Paul ROBINS wrote:
Hello,
I'm new here. Sorry if the answer to my questions exist somewhere in
the archives - I did search but couldn't find anything. Sorry this is
a bit long, I wanted to explain what I need as clearly as possible:
I have an intranet web server that allows our users to browse a
hierarchy of data files which represent graphs. On selecting a data
file the server runs a kind of cgi executable that transforms the file
into a graph image and serves it up in an html page. The executable is
ours and unfortunately cannot run without an X display to generate a
pixmap, which is where VNC comes in very handy :)

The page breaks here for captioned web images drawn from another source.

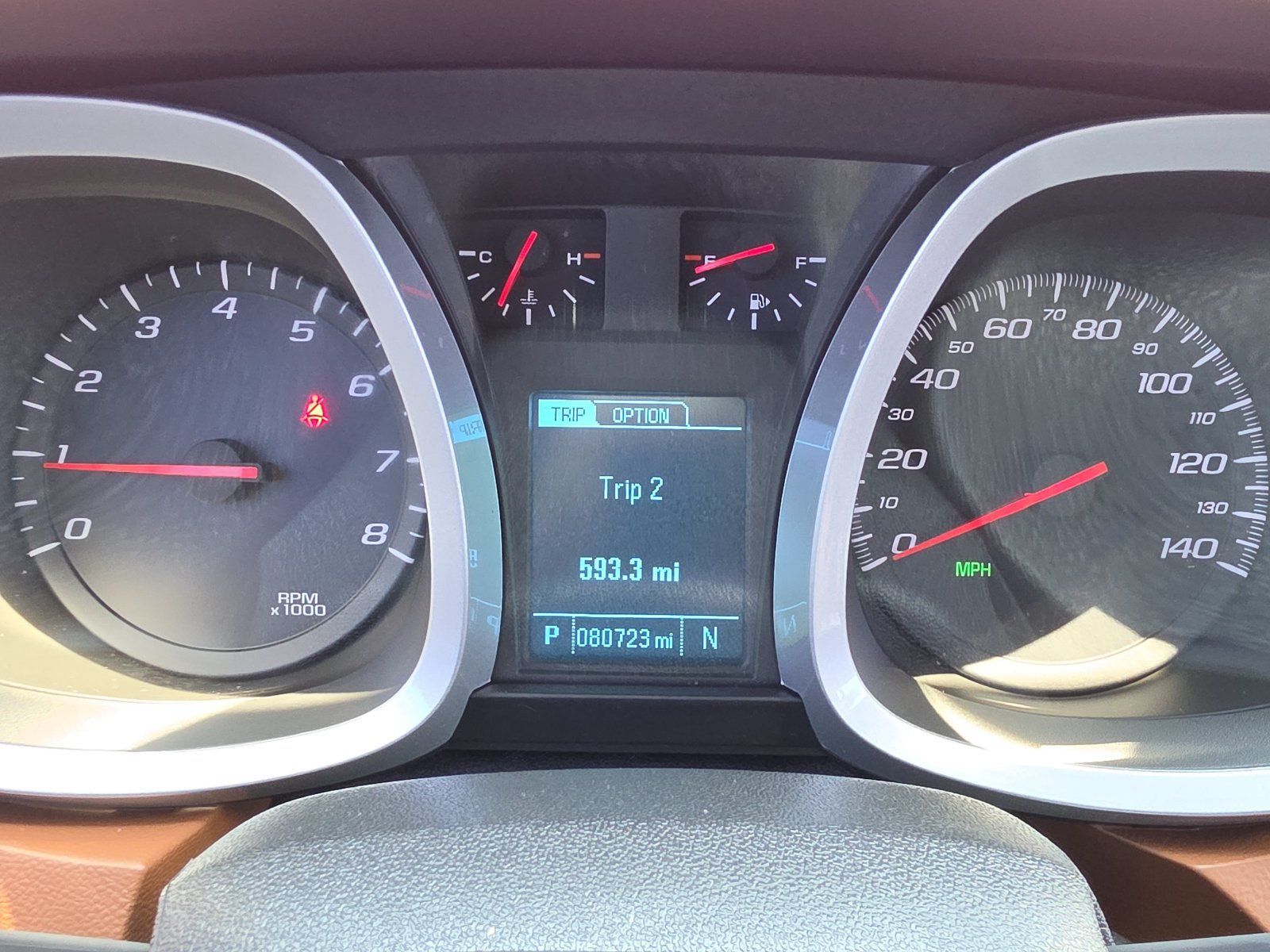 Used 2017 Chevrolet Equinox Premier w/ Enhanced Convenience Package FWD image 26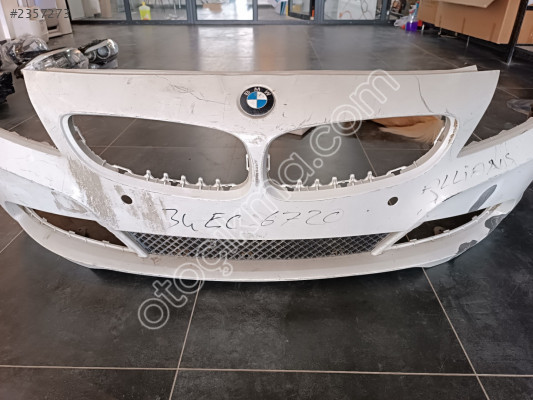 BMW X5 VİTO XENON BEYNİ 5DV009610-00 5DV00961000 SY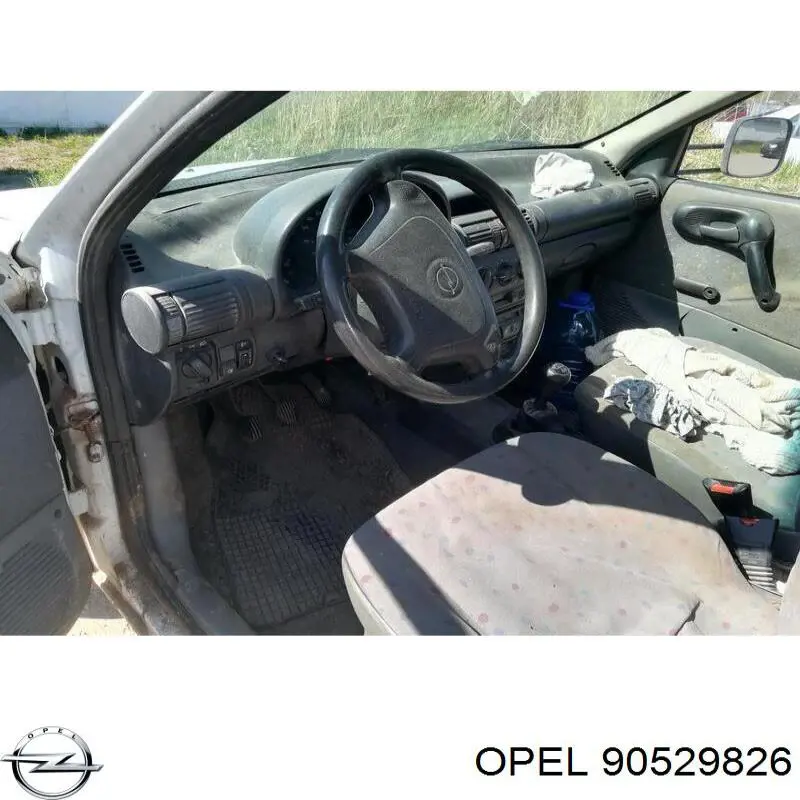  Opel 0835028 цена, от 65.22 USD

I'm currently just testing the whole thing using a single VNC server
on the webserver for all requests and it works - but what I want to
avoid is "graphical collisions" on the VNC server's display when
making the images, i.e. one users pixmap obscuring anothers. So
ideally I'd like to create a VNC server per user session. I'm using
PHP sessions by the way attribute session ids.
The problem I have is knowing when a particular VNC display is no
longer needed. I know when a user initially connects and requests an
image so I could at that point create a VNC server and register that
display as belonging to the session. The user would continue to
generate images on "his/her" server/display as long as their session
was open. As I said though I don't really know when the session ends
so I'd end up with an awful lot of inactive VNC servers running after
a short time :(
I could use inetd to run VNC, but that would bring up a server per
image request, which seems like a lot of stopping/starting to me ;)
and I guess would be slower. (a user may look at many tens of graphs
per session).
What I'd really like to do is have a users VNC server die quietly
after a defined period of inactivity but I can't find any option to do
this. I know this goes against the usual idea of keeping a VNC server
alive but for this kind of usage it would be a really handy!
This sure is a nice (ab) use of Xvnc!
If a sinlge user can use one Xvnc session, you can start an Xvnc for
each user or for each session. Your session IDs can be the $DISPLAY
values, however, best to keep the numbers below 64 or even 32 since the
display number relates to 2 or 3 ports: 6000, 5900 (and optionally 5800)
with added the display nummer.
ON the other hand, a different setup can be the use of the java-viewer:
Then the user gets the X display in the browser and in there the display
of the graphs. This nicely controlls the session however, be sure to
start the java-viewer readonly (if possible).